Replication, Authenticity, and Plunder in Republican Rome (20 min)
Presenters
Madeline P. Newquist, Case Western Reserve University
Abstract
In the wake of Marcus
Claudius Marcellus’s triumph over Syracuse in 211 B.C.E., the private homes of
many Roman elites quickly filled with the statues, paintings, and textiles from
the conquered region. Much scholarship on the domestic display of plunder in
Rome has focused on luxury goods such as statues and paintings, which Romans
called praeda. The earliest displays of Roman war booty were not,
however, composed of these types of art objects. Instead, arms and armor—spolia—decorated
the homes of Roman generals, a practice that continued in the Republican period
even when private displays of looted goods became popular in the second
century. Although scholars often conflate these two types of plunder, the
decorum surrounding spolia and praeda differed significantly, as
indicated by regulations governing their display, replication, and mobility.

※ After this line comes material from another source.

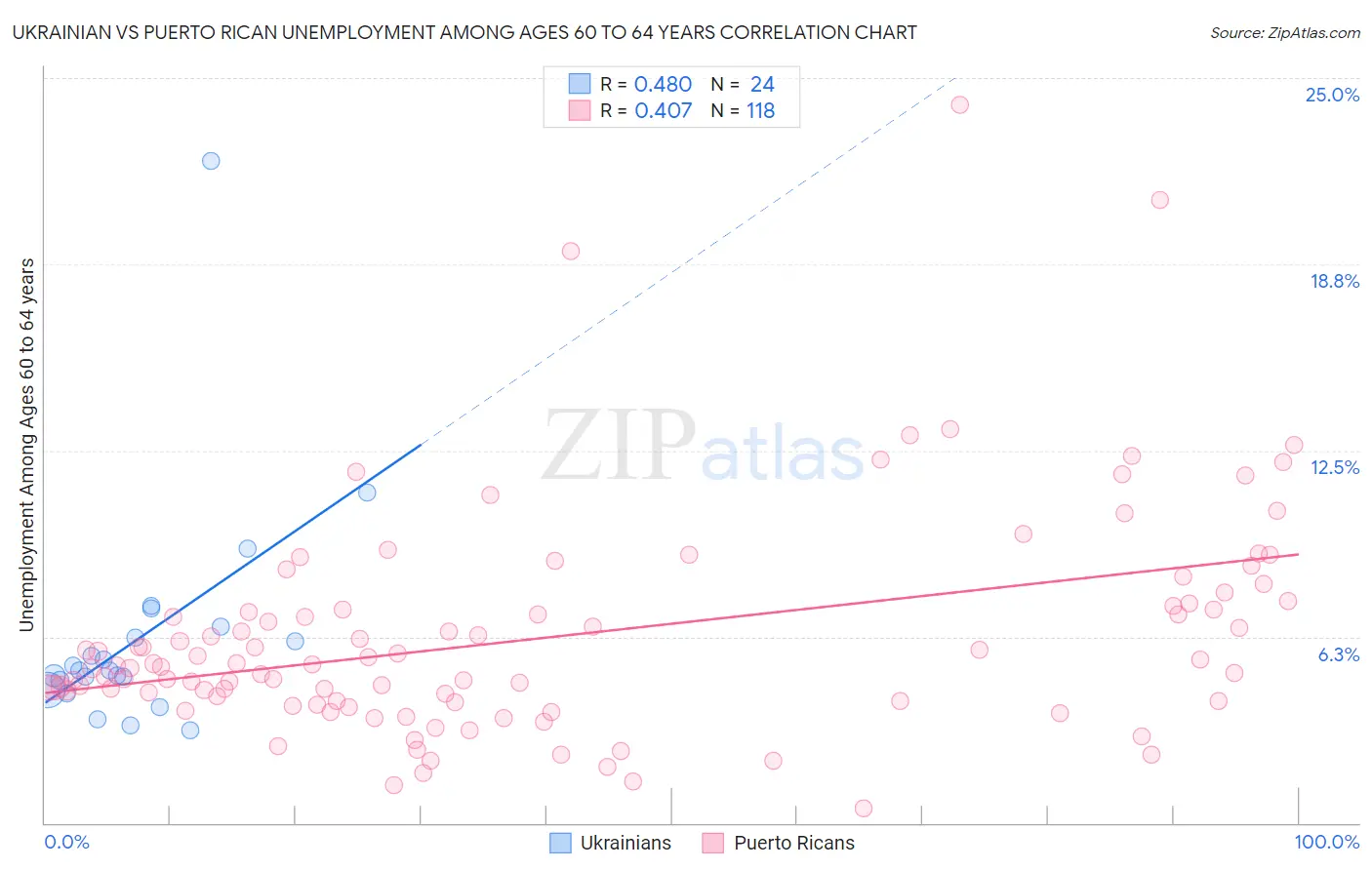 Ukrainian vs Puerto Rican Unemployment Among Ages 60 to 64 years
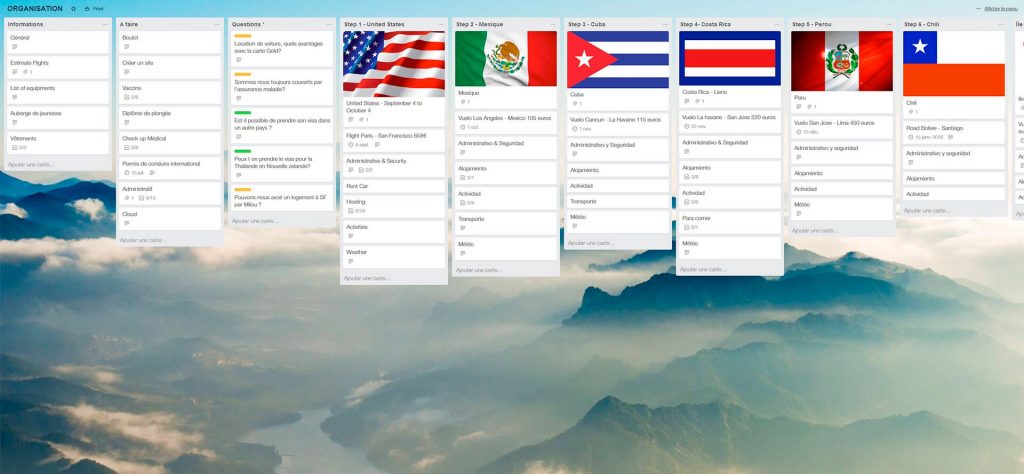 Ensemble de notre board Trello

Combining historical visual analysis of statues, reliefs, and wall paintings
with close reading of Latin texts, this paper explores the language around
plundered goods and the relationship between plunder and replication in the
Roman republic. I demonstrate that while objects categorized as spolia
were heavily regulated and almost never copied or moved, those deemed praeda
were reproduced, resold, and relocated with little resistance. Though both
categories of objects were considered plunder, I conclude that their method of
acquisition and the social roles they fulfilled endowed them with different
types of authenticity, one of which could be conveyed and maintained through
replications and one of which could not. While spolia objects
communicated the military prowess of individual generals, praeda were
used to signal social relationships and political affiliations. Ultimately, I
argue, Romans—rather than disregarding authenticity in the modern sense, as
some scholars have recently proposed—valued authenticity highly. That
authenticity, however, depended on an object’s functionality and the rules of
decorum that consequently governed its use and display.